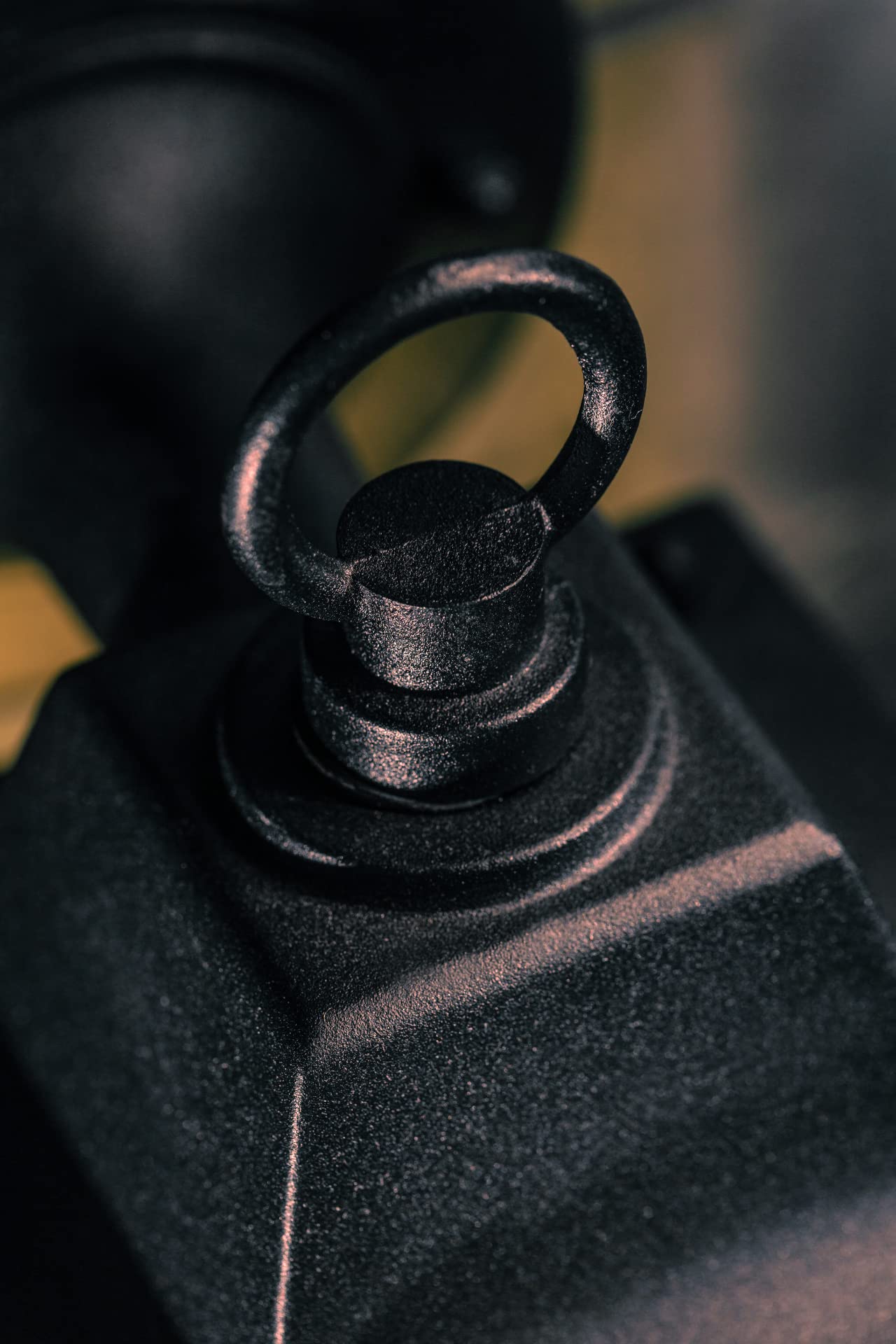 CGC Lighting Outdoor Outside Wall Light Mains Power Bevelled Glass Coach Lantern Porch Garden Decorative Lamp Fixture Waterproof (Black)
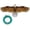 Eagle Kite with Reel, variant on Bald Eagle Kite for Adults and Kids, Huge Eagle Kites, Easy to Fly Hawk Kites for Boys, Single Line Kite for Beach Trip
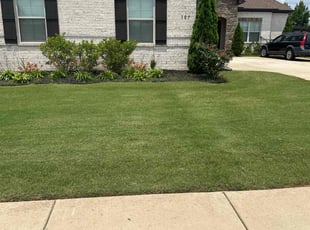 Angela F.'s lawn maintenance service result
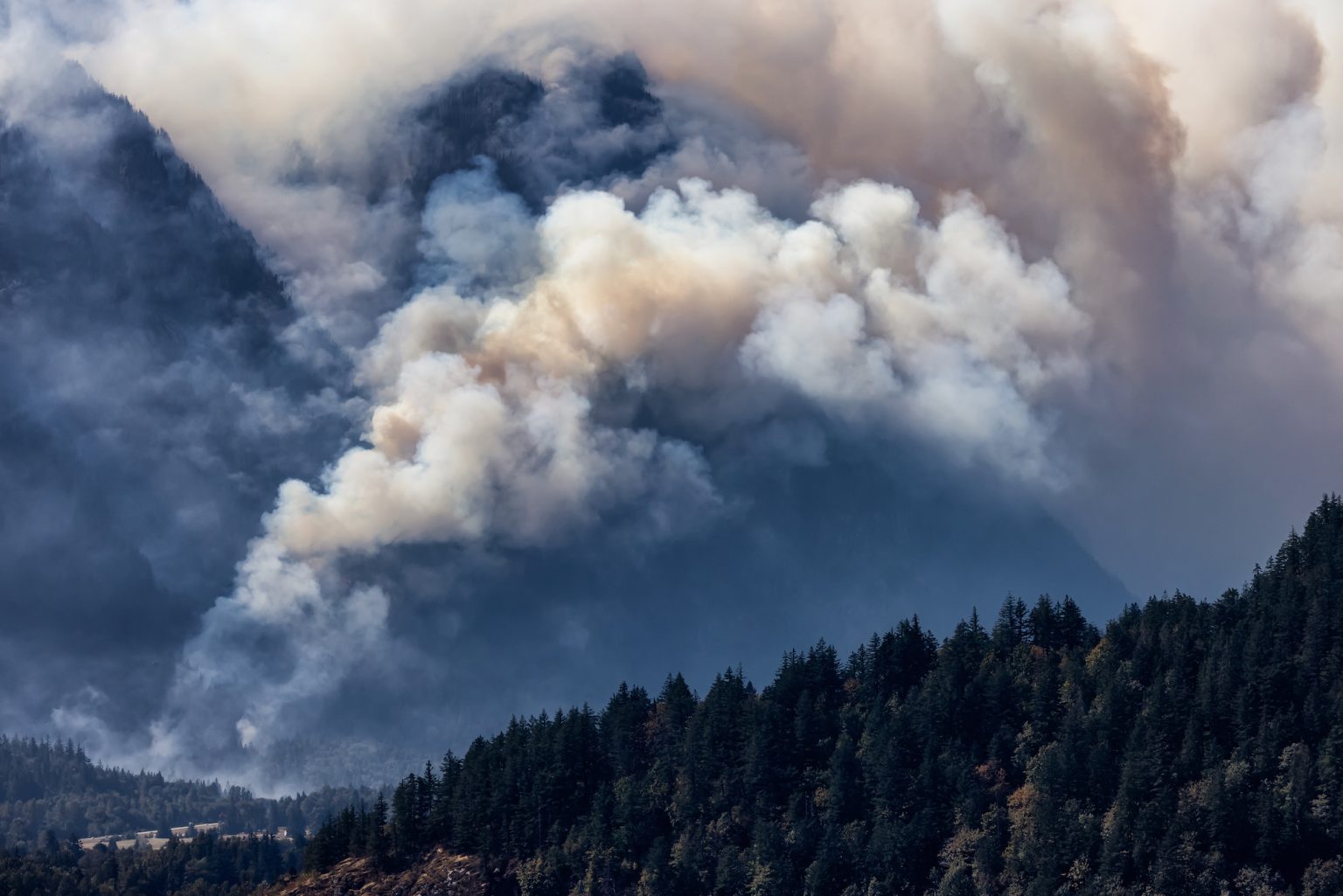 20 Canadian Wildfires Facts: Impact and Management of Wildfires in ...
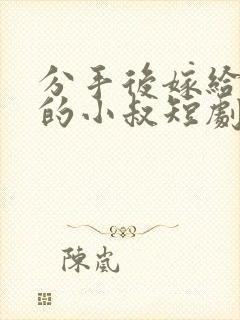 分手后嫁给渣男的小叔短剧视频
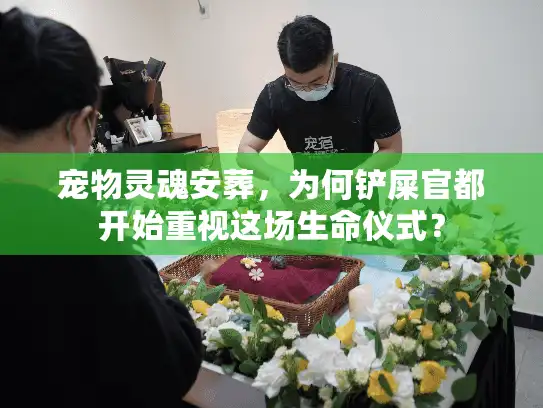 宠物灵魂安葬，为何铲屎官都开始重视这场生命仪式？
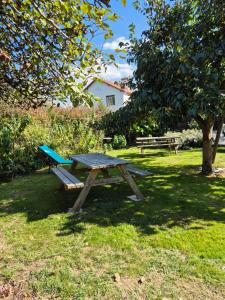 een picknicktafel in het gras onder een boom bij Gîte "Au Gré de l'Adour" in Aire-sur-lʼAdour +10 foto's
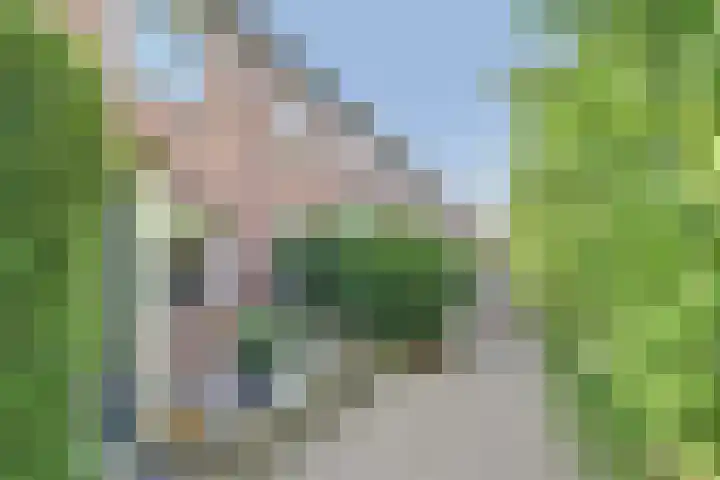 Hoefblad 139 Zwaag thumbnail 5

□ □ □

Work to be completed
Each line above should be returned exactly as it stands, minus any pictures.

Answer area
 CGC Lighting Outdoor Outside Wall Light Mains Power Bevelled Glass Coach Lantern Porch Garden Decorative Lamp Fixture Waterproof (Black)
 Eagle Kite with Reel, variant on Bald Eagle Kite for Adults and Kids, Huge Eagle Kites, Easy to Fly Hawk Kites for Boys, Single Line Kite for Beach Trip
 Angela F.'s lawn maintenance service result
 20 Canadian Wildfires Facts: Impact and Management of Wildfires in ...
 分手后嫁给渣男的小叔短剧视频
 宠物灵魂安葬，为何铲屎官都开始重视这场生命仪式？
 een picknicktafel in het gras onder een boom bij Gîte "Au Gré de l'Adour" in Aire-sur-lʼAdour +10 foto's
 Hoefblad 139 Zwaag thumbnail 5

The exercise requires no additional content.